The microbiome is an ecosystem, and we don't have a fucking clue how to manipulate a whole one with good success. I guess at least with the gut you can flush it out and repopulate it if it gets too nasty...
Also the addition of one gene does not a disadvantage make. If you only have the produce it in low levels it doesn't come as a disadvantage. Also after enough exposure horizontal gene transfer would share the gene around so you'd always be producing it. Yes it may be an ecosystem but we screw with it all the time. Every time we take antibiotics the whole thing goes to shit anyway.
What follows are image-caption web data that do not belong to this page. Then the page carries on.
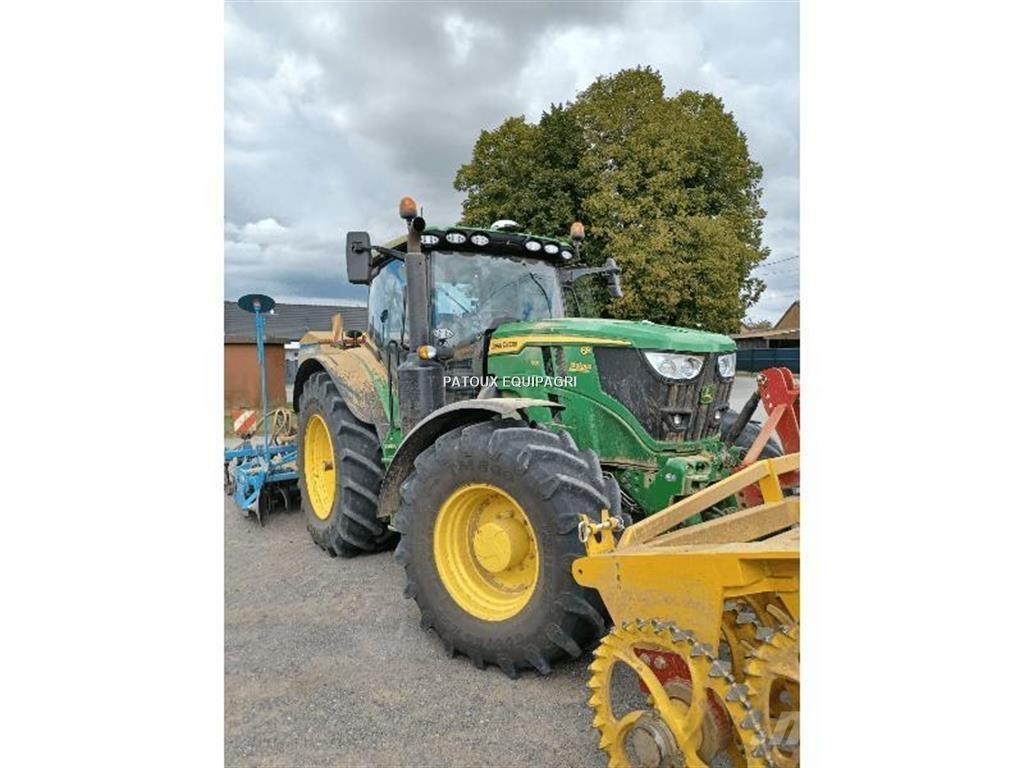 John Deere 6R185 曳引機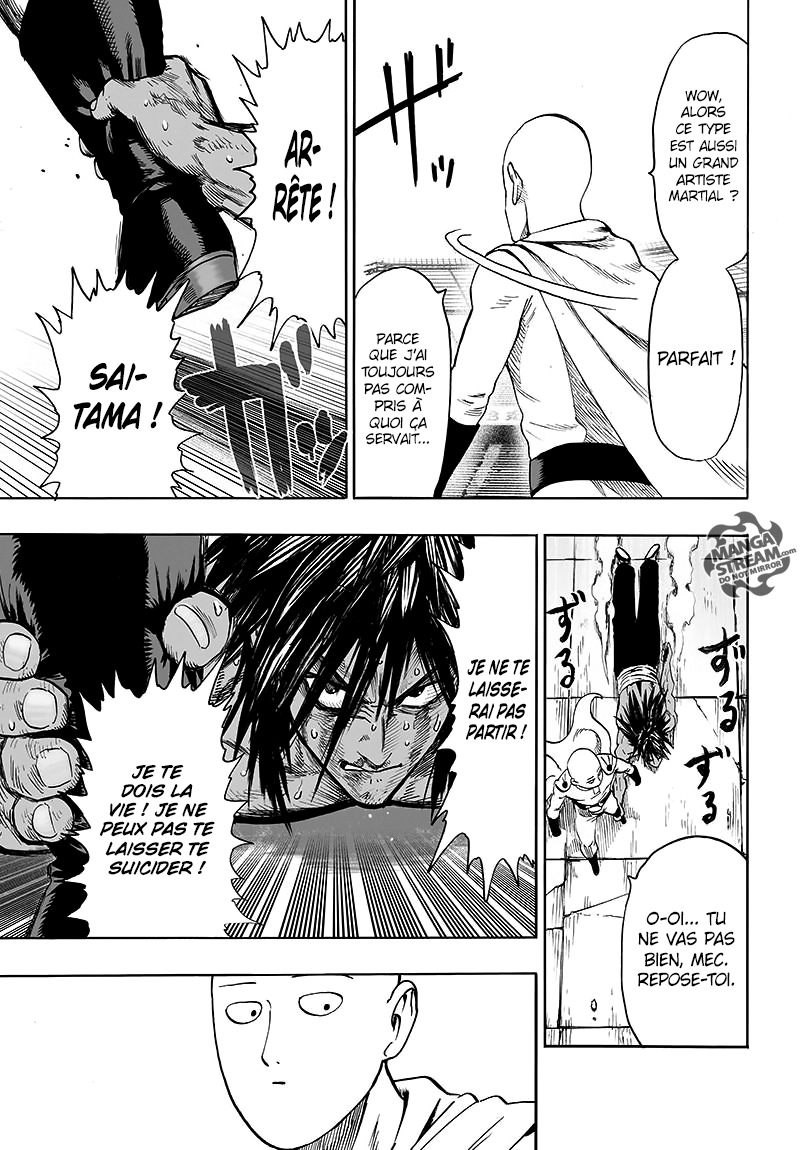 Read One Punch man FR Manga Online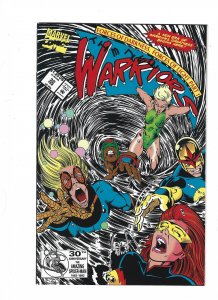 The New Warriors #30 through 33 Direct Edition (1992)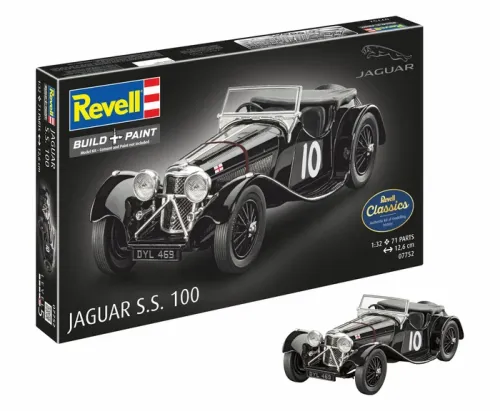 Jaguar SS 100 1:32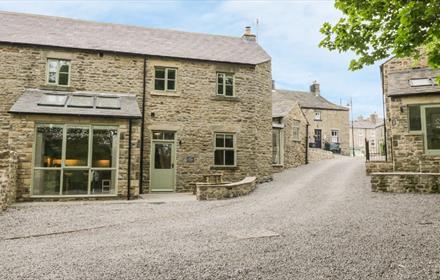 Oak Cottage self-catering at Middleton-in-Teesdale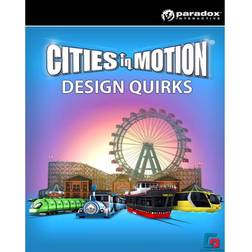 Cities in Motion: Design Quirks (PC)
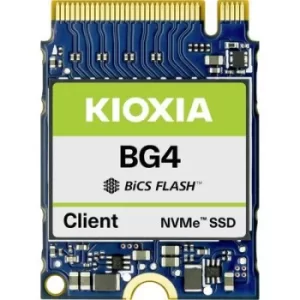 Kioxia BG4 128GB Internal M.2 PCIe NVMe SSD 2230 M.2 NVMe PCIe 3.0 x4 Bulk KBG40ZNS128G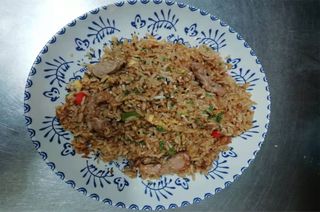 Arroz Frito Con Ternera Y Soja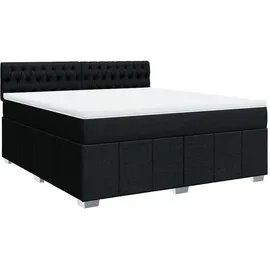 vidaXL Boxspringbett 180 x 200 cm Schwarz
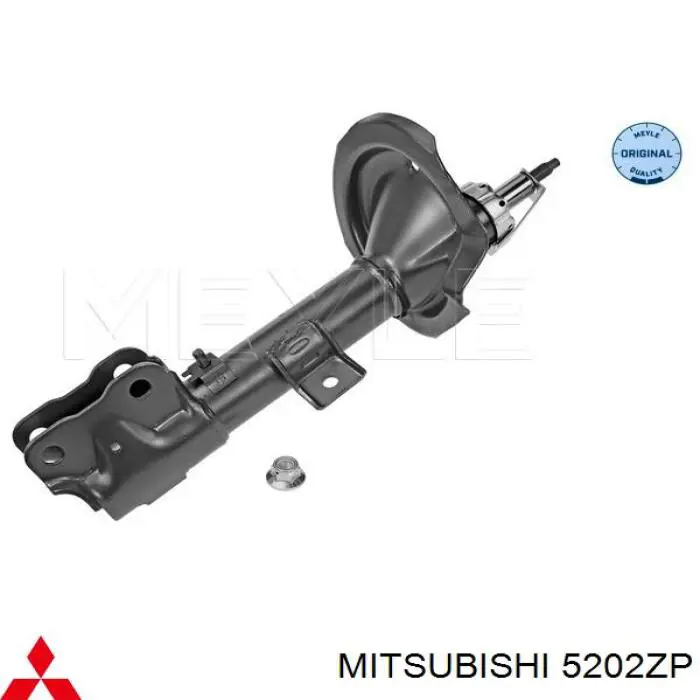 Амортизатор передний левый 5202ZP Mitsubishi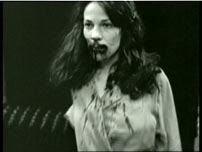 Fig. 10. Lili Taylor as a creature of drives at the end of The Addiction (1995).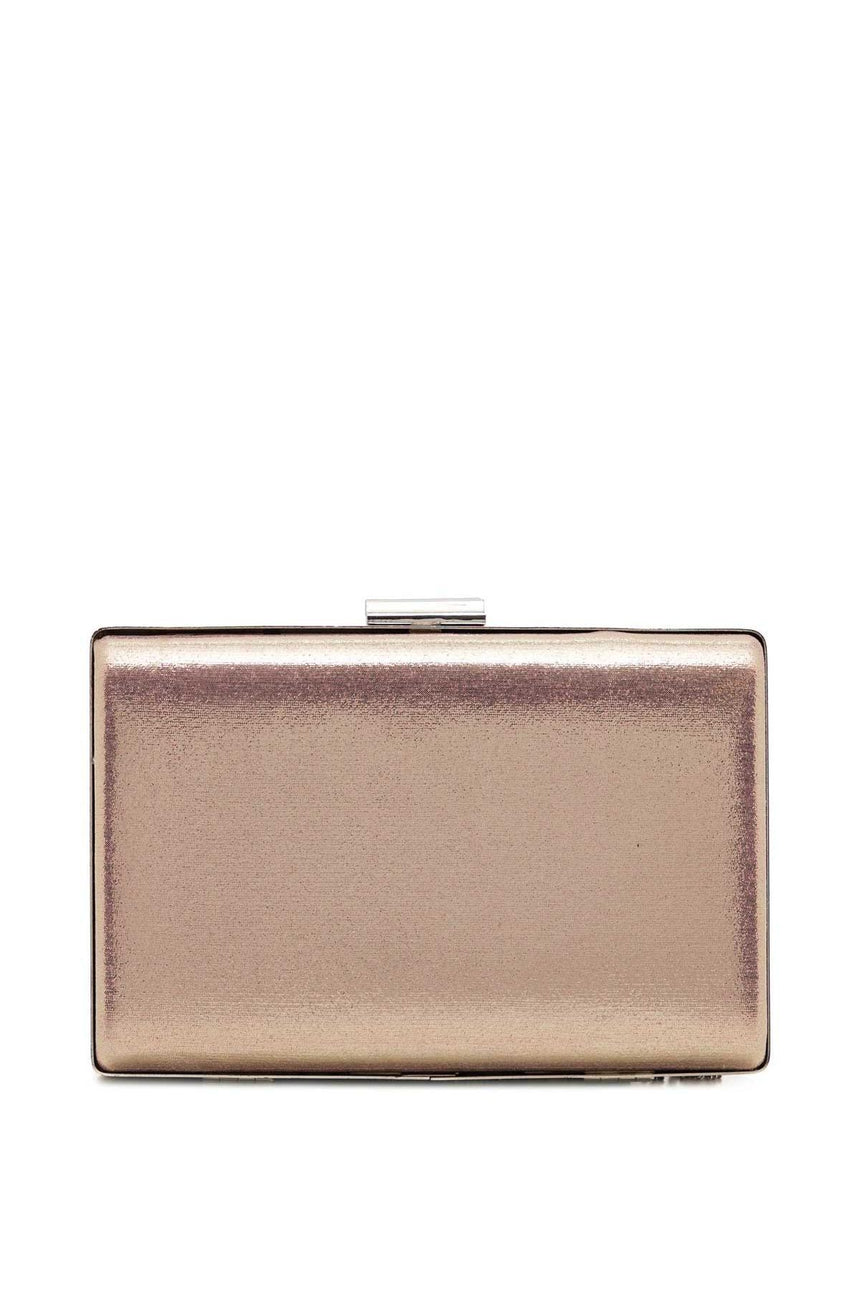 Axpe Püsküllü Kapaklı Abiye Çanta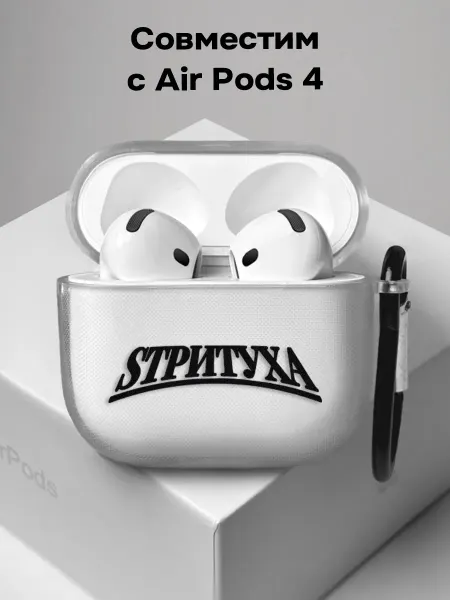 ANP Case Чехол на AirPods 4 Андеграунд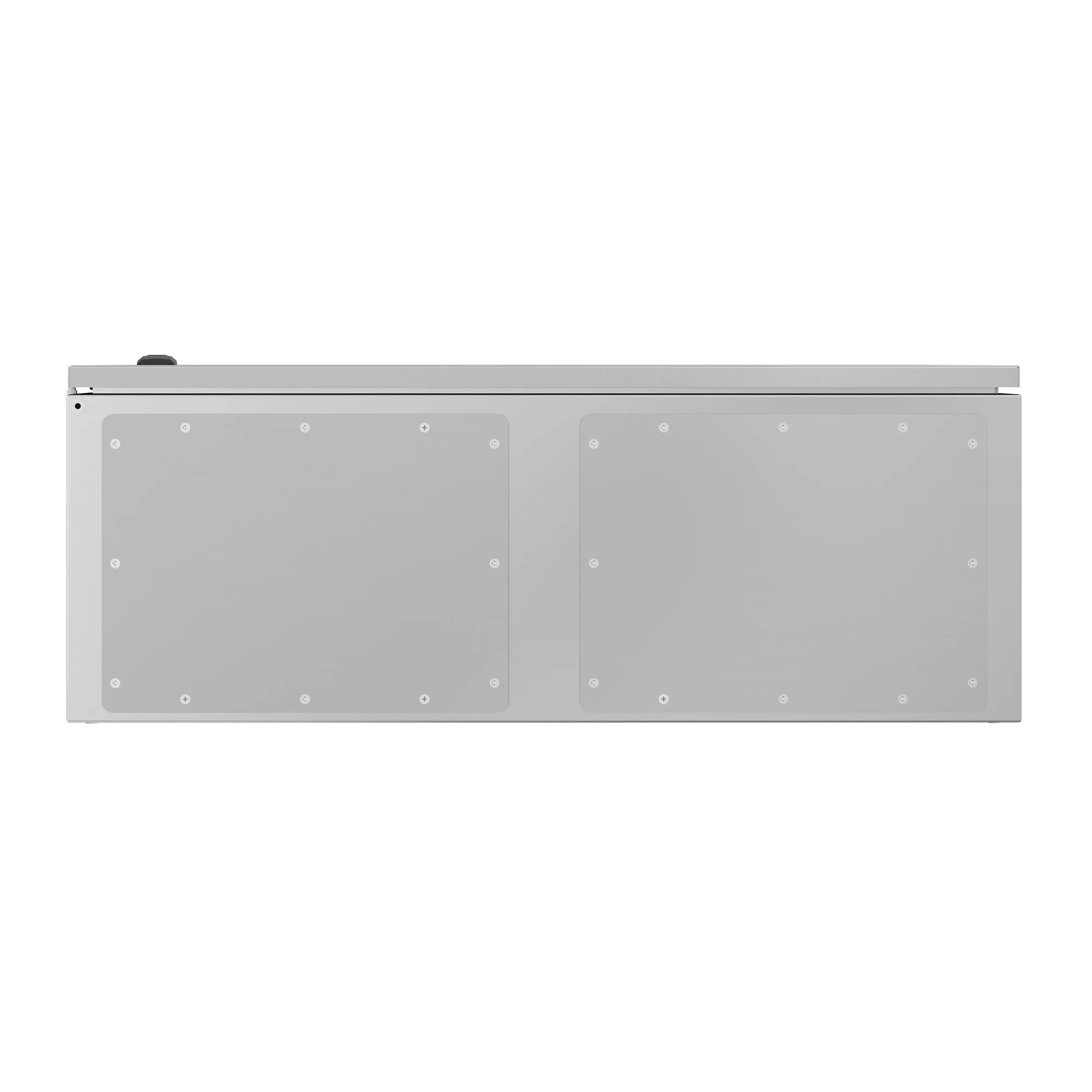 Корпус навесной STH с М/П из нержавеющей стали AISI304 1400х800х300мм с фланцем DKC R5STH1483F-304 - Фото 4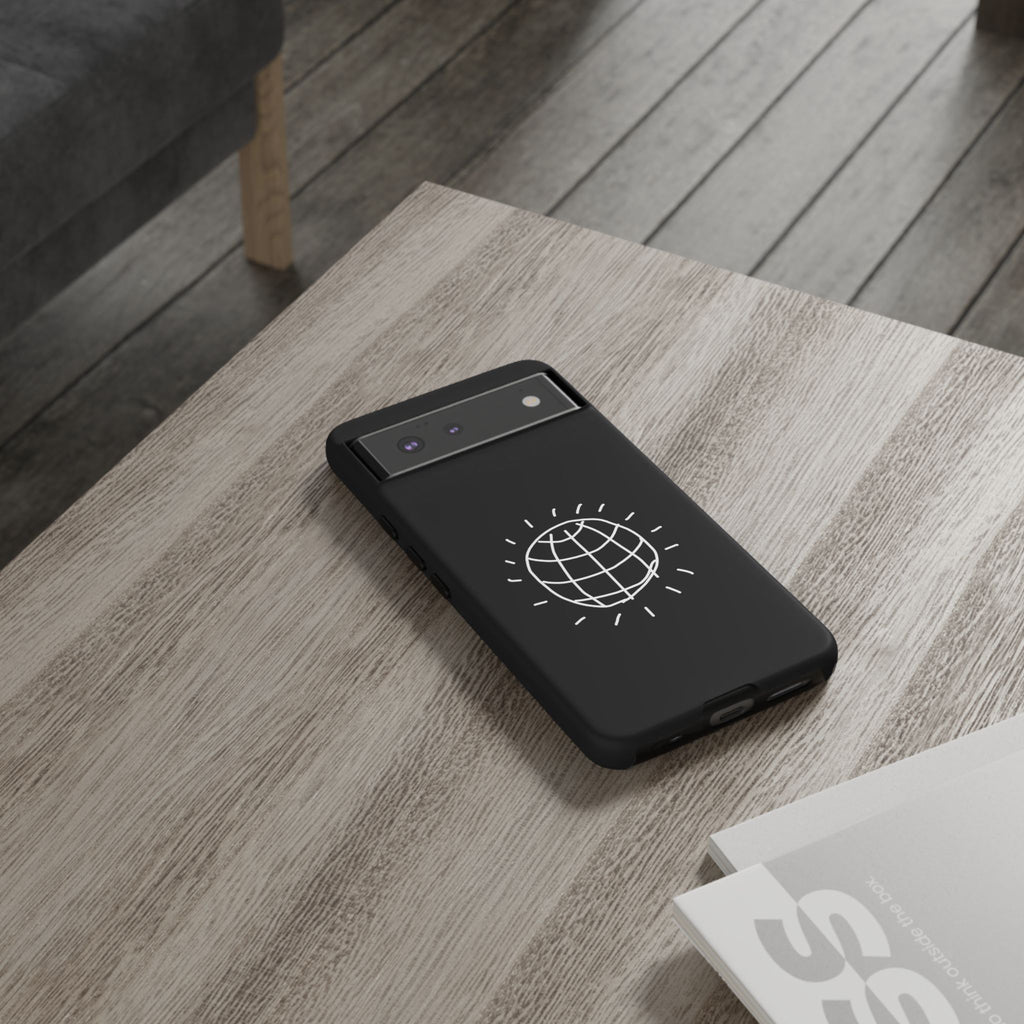 DISCO BALL Phone Case Tough BLACK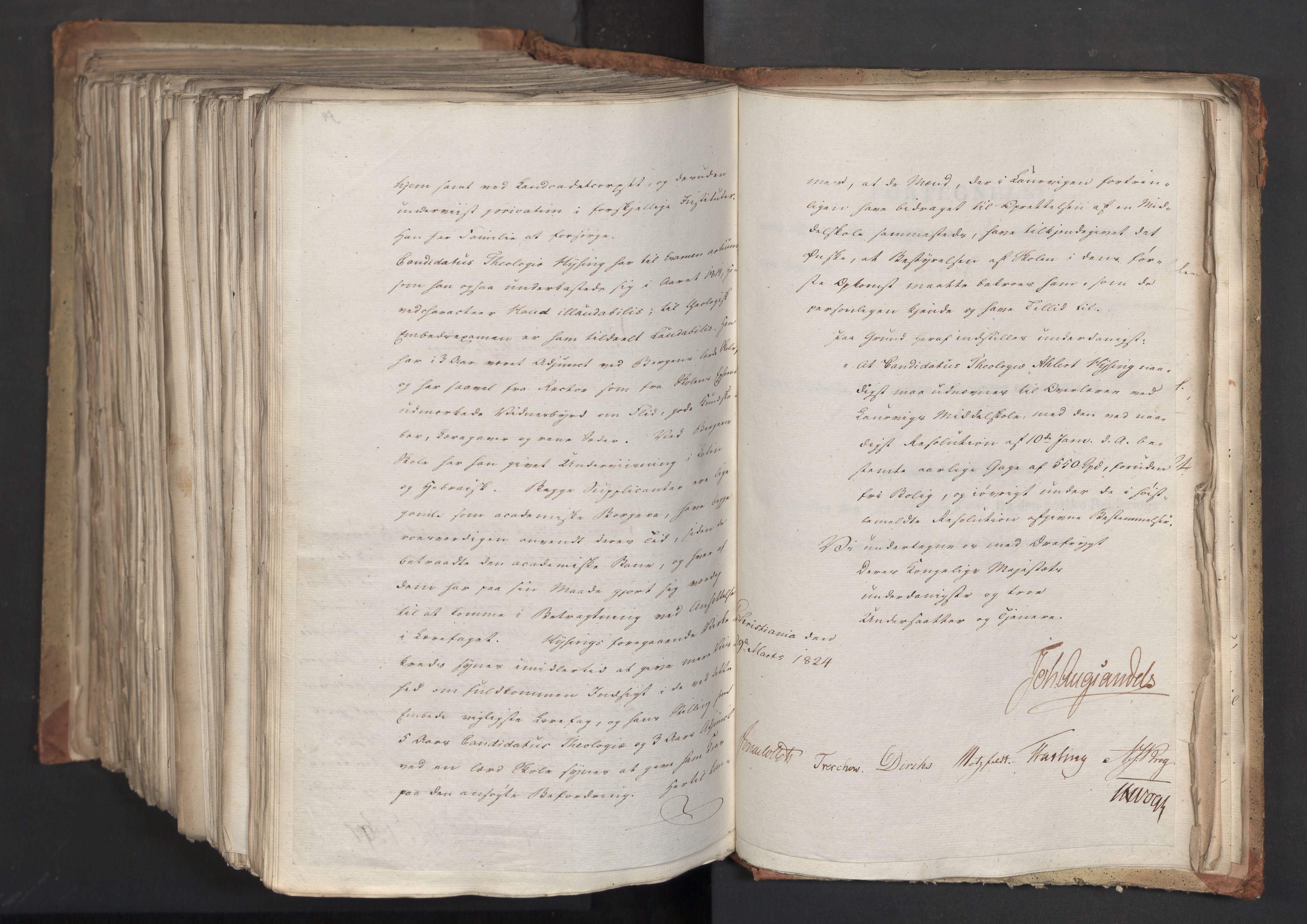 Statsrådsavdelingen i Stockholm, AV/RA-S-1003/D/Da/L0037: Regjeringsinnstillinger nr. 1115-1403, 1824, s. 747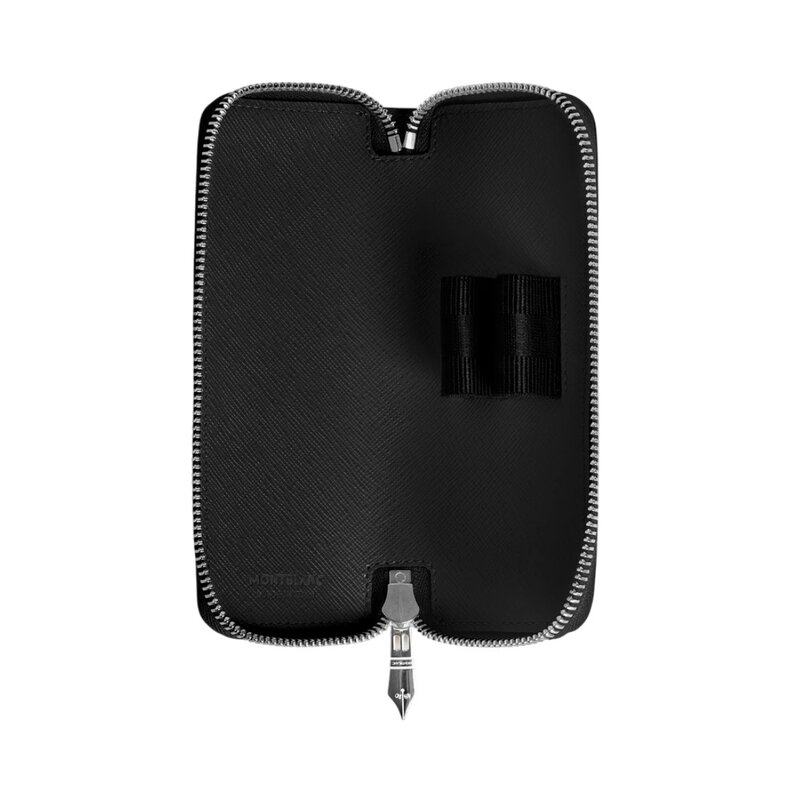 Estuche Para 2 Artículos de Escritura Montblanc Sartorial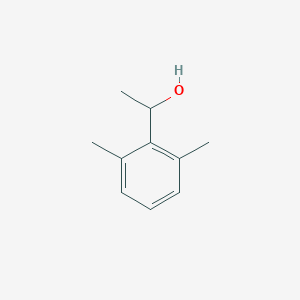 molecular formula C10H14O B102385 1-(2,6-二甲基苯基)乙醇 CAS No. 19447-06-4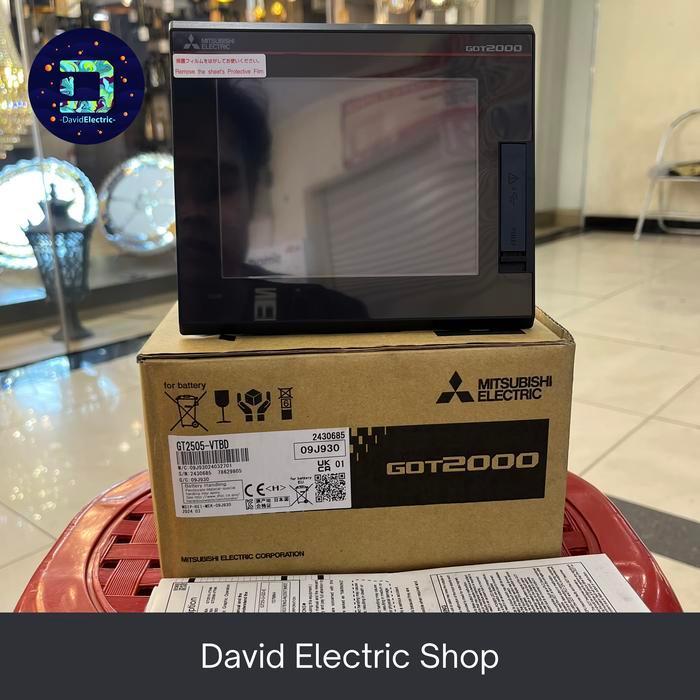 HMI MITSUBISHI GT2505-VTBD ORIGINAL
Why not throw a new creature into the mix and see what happens? Worst comes to worst it dies out. If it's weaker it won't overtake the whole system anyway. And ya it's got unforeseen consequences. So does sticking a chunk of heavy metal into your hand or taking a whole clusterfuck of noots. That's why we test it and see what happens. That is how science works. If we didn't do things because of the possibility of unforeseen consequences we'd be living in the dark ages. Not to say we should go barreling forward, but it could be interesting to see the affect on the body.
That said, if you're interested in vitamin synthesis and how to induce it in bacteria, take a look at this site: http://www.kegg.jp/kegg/pathway.html
It contains pretty much the sum of human knowledge of genetic pathways in a huge number of organisms. Lactobacillus acidophilus already contain the synthetic machinery to make B12 (and likely others), and are already used for its industrial production, so you can at least know that the organism you want is capable of producing it. Of course, to increase its production, you'd have to tinker a lot with the genes of the bacteria (likely already done to save money in industry) and diet of the host, then find a way to get the vitamins out of the bacteria, possibly by packaging them into vesicles for export (I don't know how you would do this with small molecules, only with proteins, you'd probably have to look at pathways in secretory cells).